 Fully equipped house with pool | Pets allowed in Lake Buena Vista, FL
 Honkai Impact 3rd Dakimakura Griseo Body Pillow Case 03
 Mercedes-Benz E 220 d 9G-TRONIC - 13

==

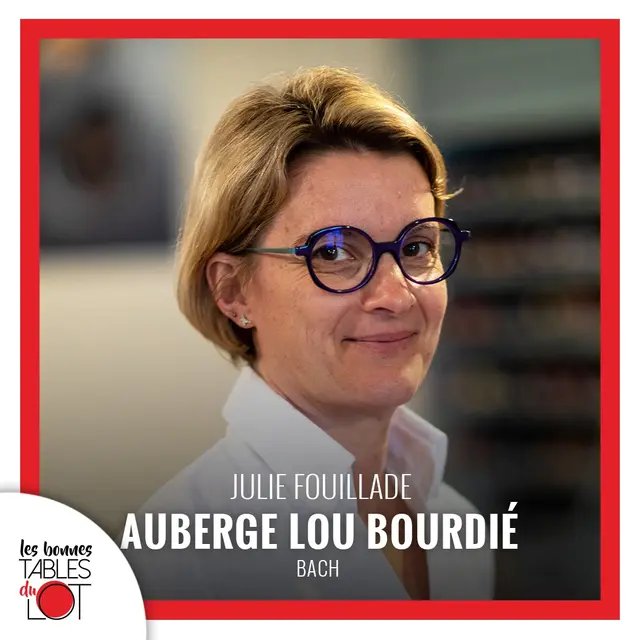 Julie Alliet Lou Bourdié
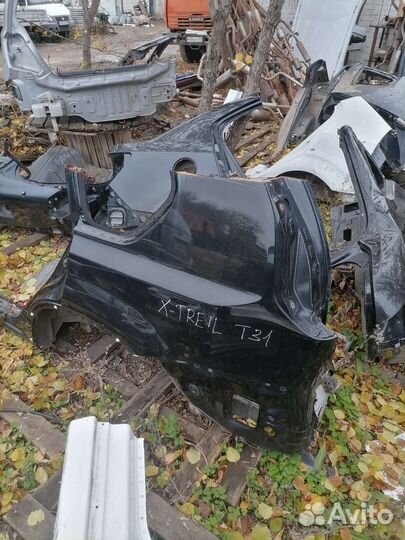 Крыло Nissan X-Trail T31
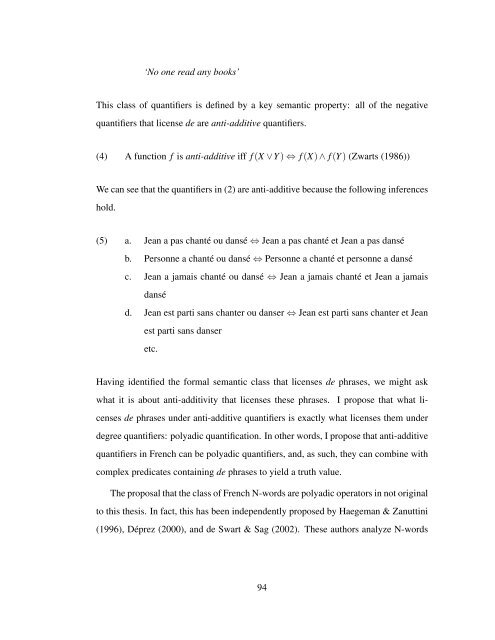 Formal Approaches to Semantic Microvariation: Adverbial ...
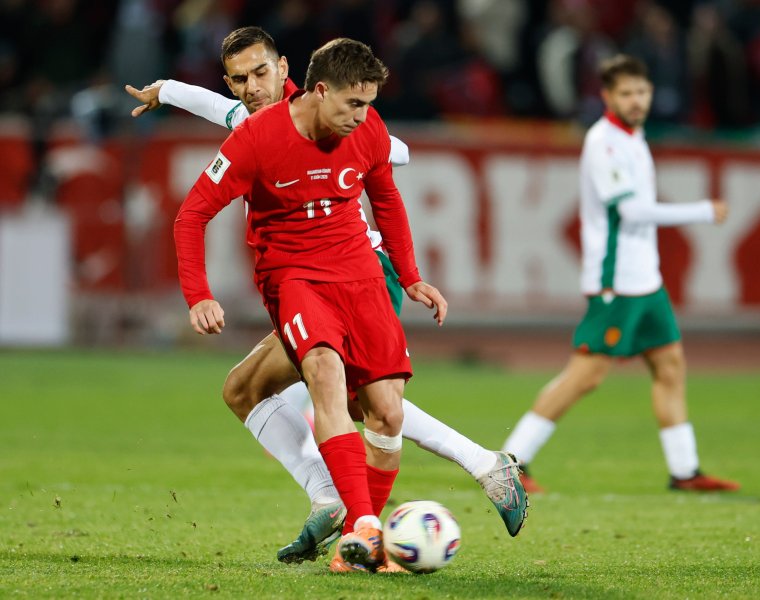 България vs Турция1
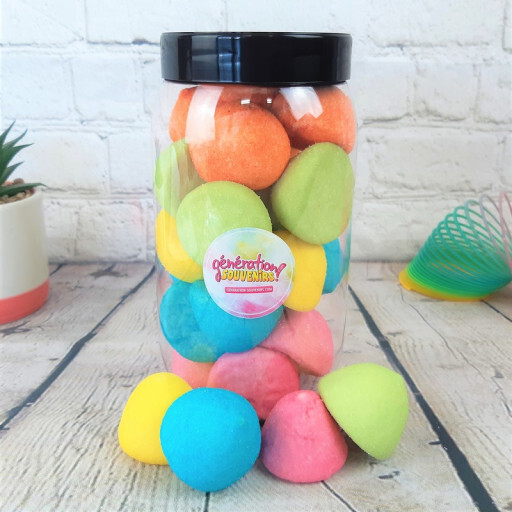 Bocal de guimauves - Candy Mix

*Problem*:
Return only the lines between the one holding "Fully equipped house" and the one holding "Mercedes-Benz E 220 d 9G-TRONIC - 13", inclusive, exactly as they appear above.

*Answer box*:
 Fully equipped house with pool | Pets allowed in Lake Buena Vista, FL
 Honkai Impact 3rd Dakimakura Griseo Body Pillow Case 03
 Mercedes-Benz E 220 d 9G-TRONIC - 13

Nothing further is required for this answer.